Top
Best
New

Posted by jg2007 9/14/2025

Has Cursor started training models on private user data?(cursor.com)
4 points | 4 comments
jg2007 9/14/2025|
Cursor recently published a new blog outlining how they train models. Interestingly, the blog does not clarify how they handle opt-out user data and/or business user data -- exact phrasing: "[cursor's] model runs on every user action, handling over 400 million requests per day. As a result, we have a lot of data about which suggestions users accept and reject. This post describes how we use this data to improve Tab using online reinforcement learning."

As a matter of fact, the wording sounds like all cursor user data (opt-in and opt-out alike) are being used.

Anyone knows what's going on behind the scenes?

NitpickLawyer 9/14/2025|
If you read the fineprint, they all say mostly the same variation on "we do not train foundational models on your data". That is not to say they won't train other models, or use signals to train other models.
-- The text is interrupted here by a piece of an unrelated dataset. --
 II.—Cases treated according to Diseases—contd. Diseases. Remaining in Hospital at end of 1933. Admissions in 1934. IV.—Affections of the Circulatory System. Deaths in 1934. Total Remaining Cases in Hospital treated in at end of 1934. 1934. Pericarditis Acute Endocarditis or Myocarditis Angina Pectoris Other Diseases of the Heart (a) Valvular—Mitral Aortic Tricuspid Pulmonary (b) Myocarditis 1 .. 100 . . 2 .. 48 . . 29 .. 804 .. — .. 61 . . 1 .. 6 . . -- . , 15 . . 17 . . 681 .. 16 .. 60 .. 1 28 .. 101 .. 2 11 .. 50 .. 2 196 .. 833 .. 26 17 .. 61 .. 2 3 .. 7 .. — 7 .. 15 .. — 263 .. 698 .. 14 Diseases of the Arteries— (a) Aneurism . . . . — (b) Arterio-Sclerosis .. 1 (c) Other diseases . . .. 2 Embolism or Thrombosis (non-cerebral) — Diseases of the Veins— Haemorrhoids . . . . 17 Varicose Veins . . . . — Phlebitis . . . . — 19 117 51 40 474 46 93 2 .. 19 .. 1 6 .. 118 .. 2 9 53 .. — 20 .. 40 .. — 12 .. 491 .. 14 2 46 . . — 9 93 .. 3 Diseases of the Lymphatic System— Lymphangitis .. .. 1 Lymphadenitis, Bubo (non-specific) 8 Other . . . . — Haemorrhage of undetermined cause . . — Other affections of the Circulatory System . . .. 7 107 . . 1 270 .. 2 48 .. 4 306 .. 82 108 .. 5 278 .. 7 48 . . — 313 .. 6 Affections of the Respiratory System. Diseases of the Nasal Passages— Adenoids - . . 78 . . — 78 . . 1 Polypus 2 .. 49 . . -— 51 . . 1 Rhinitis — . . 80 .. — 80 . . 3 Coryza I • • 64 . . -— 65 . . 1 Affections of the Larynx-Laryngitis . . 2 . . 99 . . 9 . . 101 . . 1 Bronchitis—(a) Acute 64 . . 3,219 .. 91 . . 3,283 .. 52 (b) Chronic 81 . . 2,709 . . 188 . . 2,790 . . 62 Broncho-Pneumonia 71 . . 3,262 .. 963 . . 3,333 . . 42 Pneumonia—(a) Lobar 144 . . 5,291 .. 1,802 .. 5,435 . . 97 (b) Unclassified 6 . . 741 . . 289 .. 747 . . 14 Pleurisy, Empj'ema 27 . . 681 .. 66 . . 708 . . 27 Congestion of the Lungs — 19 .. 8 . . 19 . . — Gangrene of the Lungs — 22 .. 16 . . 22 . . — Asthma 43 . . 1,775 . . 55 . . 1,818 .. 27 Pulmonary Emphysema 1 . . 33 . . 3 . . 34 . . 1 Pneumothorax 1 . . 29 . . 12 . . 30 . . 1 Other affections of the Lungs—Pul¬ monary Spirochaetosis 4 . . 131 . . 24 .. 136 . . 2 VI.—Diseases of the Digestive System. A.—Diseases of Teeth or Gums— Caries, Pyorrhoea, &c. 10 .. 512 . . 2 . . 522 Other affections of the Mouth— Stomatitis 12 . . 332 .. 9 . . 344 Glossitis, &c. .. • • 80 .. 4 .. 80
It's just the data that doesn't get copied to the training set.

And this makes sense. You train on your own data, and use the signals to know if your run was good or not.

reasonableklout 9/15/2025||
Don't they transparently say that they train models on your actions by default unless you opt-out as part of the install flow?
fithisux 9/14/2025|
That is why I use VScodium or Theia and Positron.

No AI features enabled.